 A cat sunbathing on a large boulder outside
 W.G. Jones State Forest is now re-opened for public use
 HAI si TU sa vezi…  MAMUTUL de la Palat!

---

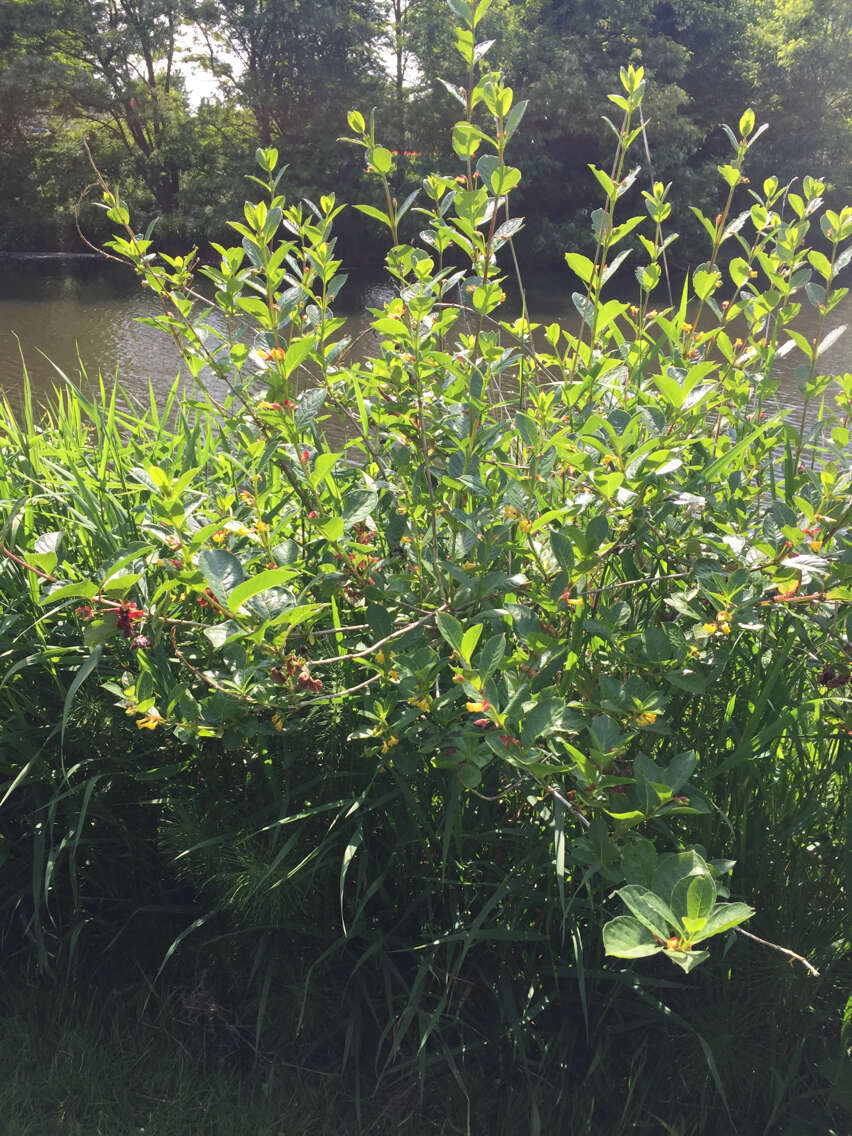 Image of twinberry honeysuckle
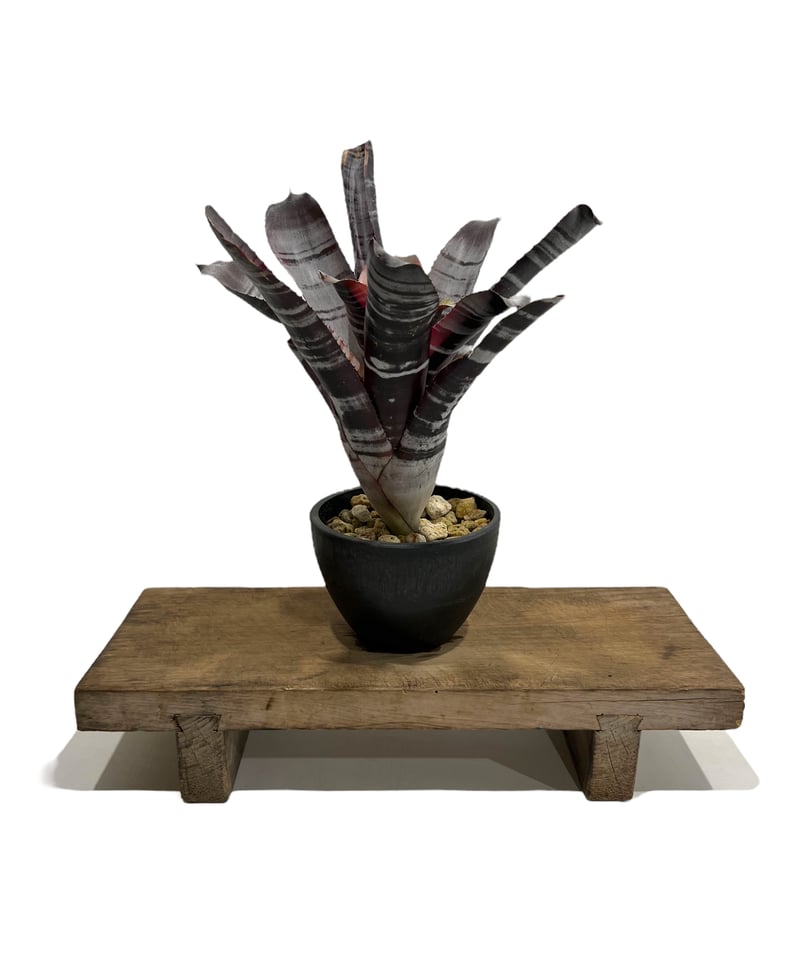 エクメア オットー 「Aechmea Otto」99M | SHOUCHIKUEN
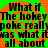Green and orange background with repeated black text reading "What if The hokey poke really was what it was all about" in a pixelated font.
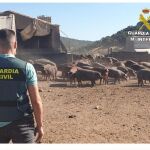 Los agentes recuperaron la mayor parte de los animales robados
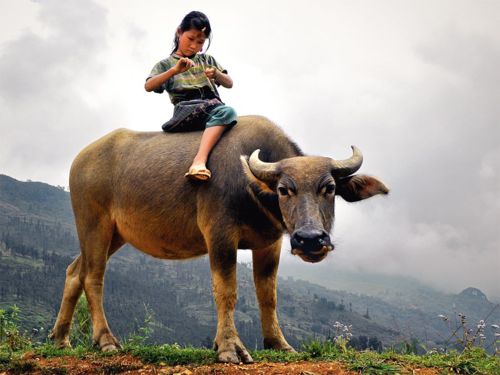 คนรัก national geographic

==

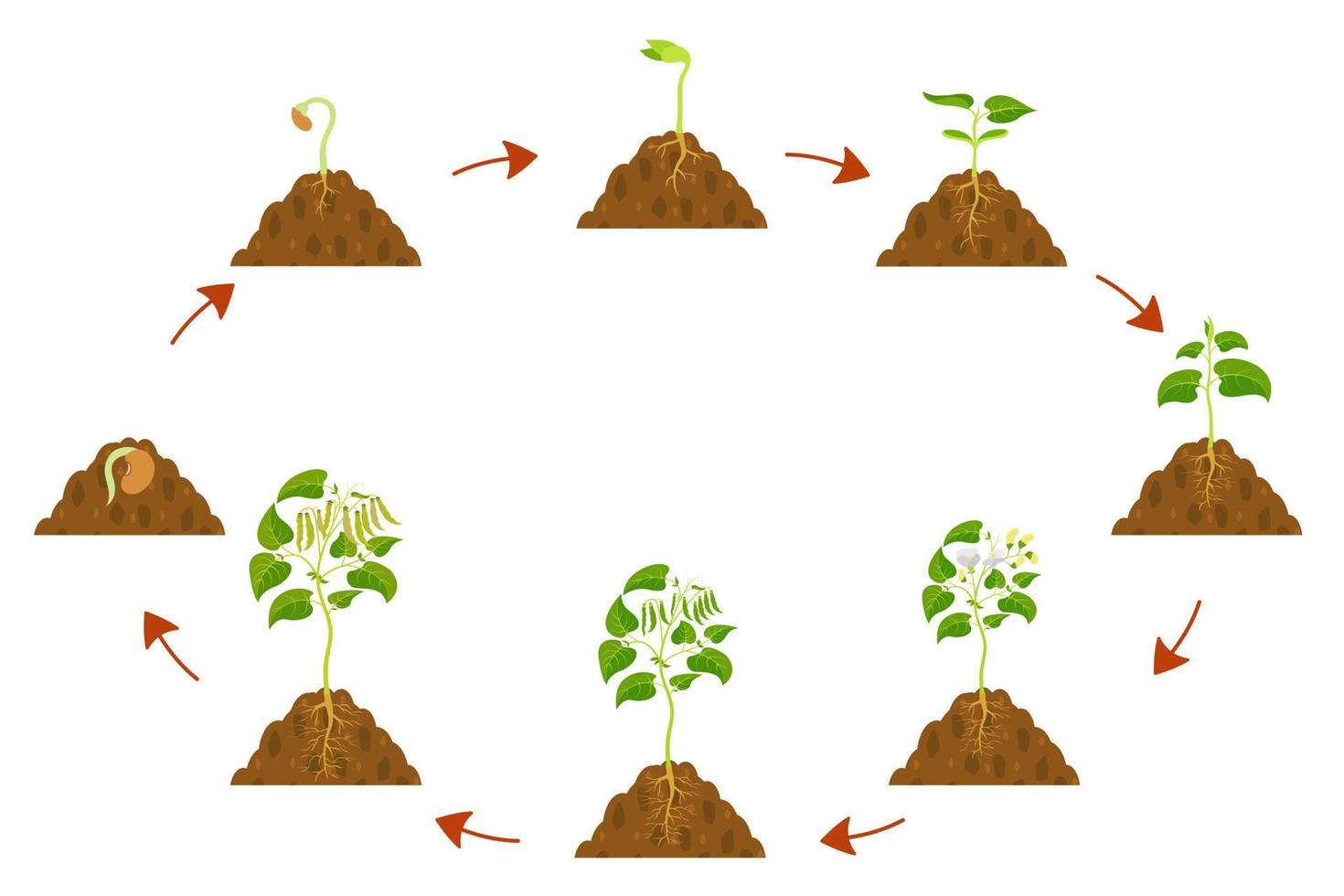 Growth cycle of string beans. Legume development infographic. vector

PROBLEM TO SOLVE>
Beginning with the line that has "A cat sunbathing on a large boulder outside" and ending with the line that has "HAI si TU sa", set down the lines above exactly and include no others.

ANSWER BOX>
 A cat sunbathing on a large boulder outside
 W.G. Jones State Forest is now re-opened for public use
 HAI si TU sa vezi…  MAMUTUL de la Palat!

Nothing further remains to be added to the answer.